Figure 6. Differences in A2/NS4B-specific CD8 T cells and NAb titers after YF-17D vaccination between Lausanne and Entebbe cohorts.

(A) Frequency of A2/NS4B-specific CD8 T cells in HLA-A*0201 vaccinees from Lausanne (white squares) and Entebbe (black dots) after vaccination. (B) Correlation between YF-17D NAb titers and frequency of A2/NS4B-specific CD8 T cells in both cohorts after vaccination. Gray dots depict samples from the Entebbe cohort. (C) YF-17D NAb titers in vaccinees from Lausanne (white squares) and Entebbe (black dots) after vaccination. Boosted individuals in both cohorts are depicted in gray. (D and E) YF-17D NAb titers in subjects with (white triangles) or without (black triangles) detectable viremia after vaccination (D) in the Lausanne cohort and (E) in the Entebbe cohort.

Figure 7. Negative associations between baseline immune activation and YF-17D vaccine response.

(A) Negative correlation between the frequency of CD38⁺ CD21⁺ CD27^– B cells at baseline and the YF-17D NAb titers in both cohorts. (B) Negative correlation between the frequency of tissue-like memory B cells at baseline and the YF-17D NAb titers in both cohorts. (C) Negative correlation between the expression level of PD-1 on memory CD8 T cells at baseline and the YF-17D NAb titers in both cohorts. (D) Negative correlation between the frequency of CD14⁺ CD16⁺ monocytes at baseline and the YF-17D NAb titers in both cohorts.
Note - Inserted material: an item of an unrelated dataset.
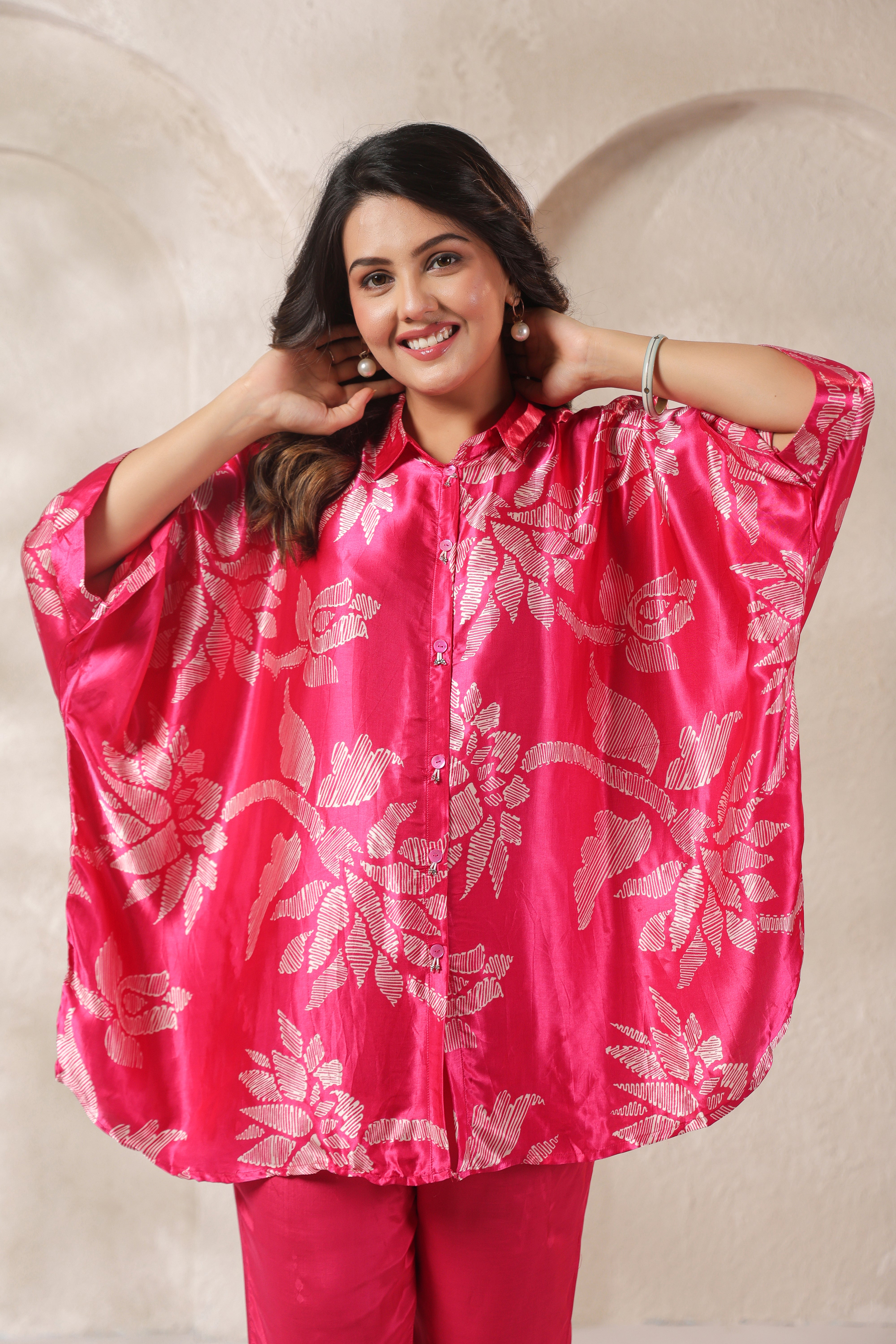 Pink Tropical Printed Russian Silk Co-ord Set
Black dots represent data points from the Entebbe cohort, and white dots represent data points from the Lausanne cohort. (E) Negative correlation between the IL-10 secretion in the supernatant of PBMCs at baseline stimulated for 24 hours with YF-17D and the NAb titers in the Entebbe cohort. (F) Negative correlation between the absolute monocyte count at baseline and the YF-17D NAb titers in the Entebbe cohort.

Figure 8. Quality of the memory T and B cell responses after YF-17D vaccination in the Lausanne and Entebbe cohorts.

(A) Frequency of persisting A2/NS4B-specific CD8 T cell clonotypes at 2 time points after first vaccination in the Lausanne cohort and after first and boosted vaccination in the Entebbe cohort. (B) YF-17D NAb titers in the sera of boosted vaccinees in Lausanne and Entebbe cohorts longitudinally at baseline (day 3 or 0), day 7, and 1 year or day 84 after vaccination. Empty squares represent data points from the Lausanne cohort, and black dots represent data points from the Entebbe cohort. (C) Negative association between the NAb levels detected at baseline in Lausanne and Entebbe cohorts and the magnitude of NAb boosting after YF-17D revaccination. Red dots depict Lausanne subjects. (D) In the boosted subjects from Entebbe, NAb titers against YF-17D could not be detected at baseline when the first vaccination was 7 years or more in the past. (E) Number of boosted vaccinees with or without detectable viremia in the plasma after YF-17D vaccination in Lausanne and Entebbe cohorts. Numbers of subjects in each group are indicated within the bar graphs.